La seconda idea distorta consiste nel pensare che possiamo raggiungere la nostra felicità, che
possiamo fare qualcosa per afferrarla. Qui quasi mi sto contraddicendo, perché in seguito esporrò
cosa possiamo fare per ottenere la felicità. La felicità però non si può conseguire in se stessa. La
felicità è sempre conseguenza di qualcosa. La terza e forse più determinante idea distorta sulla
felicità consiste nel ritenere che essa si trovi fuori di noi, nelle cose esterne, nelle altre
persone. “Cambio lavoro, così forse sarò felice”; oppure: “Cambio casa, mi sposo con un’altra
persona…, così forse sarò felice”, ecc. La felicità non ha nulla a che vedere con l’esterno. In
genere si crede che i soldi, il potere, la rispettabilità possano rendere felici. Di fatto però non
è così. I poveri possono essere felici.

Mi ricordo della storia di un prigioniero nazista. Il pover’uomo tutti i giorni veniva torturato. Un
giorno lo cambiarono di cella. Nella nuova cella c’era un abbaino, da dove egli poteva vedere un
pezzo di cielo azzurro durante il giorno, e alcune stelle la notte. Il prigioniero rimase così
affascinato da questo spettacolo che inviò una lunga lettera a quelli di casa sua, descrivendo la
sua grande fortuna. Dopo aver letto questa storia, guardai dalla mia finestra. Davanti a me si
estendeva la natura in tutta la sua bellezza. Ero libero, non prigioniero, potevo andare dove
volevo! E ritengo di aver provato solo una frazione della gioia di quel povero prigioniero.

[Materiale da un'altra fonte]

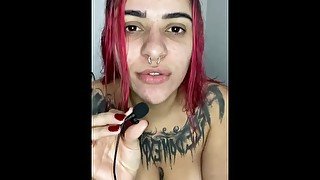 Ruiva tatuada se tocando depois do banho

Ricordo di aver letto un romanzo su un prigioniero in un campo di concentramento sovietico, in
Siberia. Il pover’uomo veniva svegliato alle quattro del mattino e riceveva un pezzo di pane, come
razione per tutto il giorno. Avrebbe mangiato ben volentieri subito tutto il pane, ma cominciò a
pensare: “È meglio che ne conservi una parte, perché posso averne bisogno questa notte, se non
riuscirò a dormire per la fame. Se questa notte ho qualcosa da mangiare, forse riuscirò a dormire”.
Dopo aver duramente lavorato tutto il giorno, si coricò e si coprì con la coperta, che a mala pena
lo riscaldava, e cominciò a pensare: “Oggi è stata una buona giornata. Non ho dovuto lavorare nel
vento gelato. E questa notte, se mi sveglio per la fame, posso mangiare un pezzo di pane e
continuare a dormire”. Potete immaginare la gioia e la felicità di quell’uomo?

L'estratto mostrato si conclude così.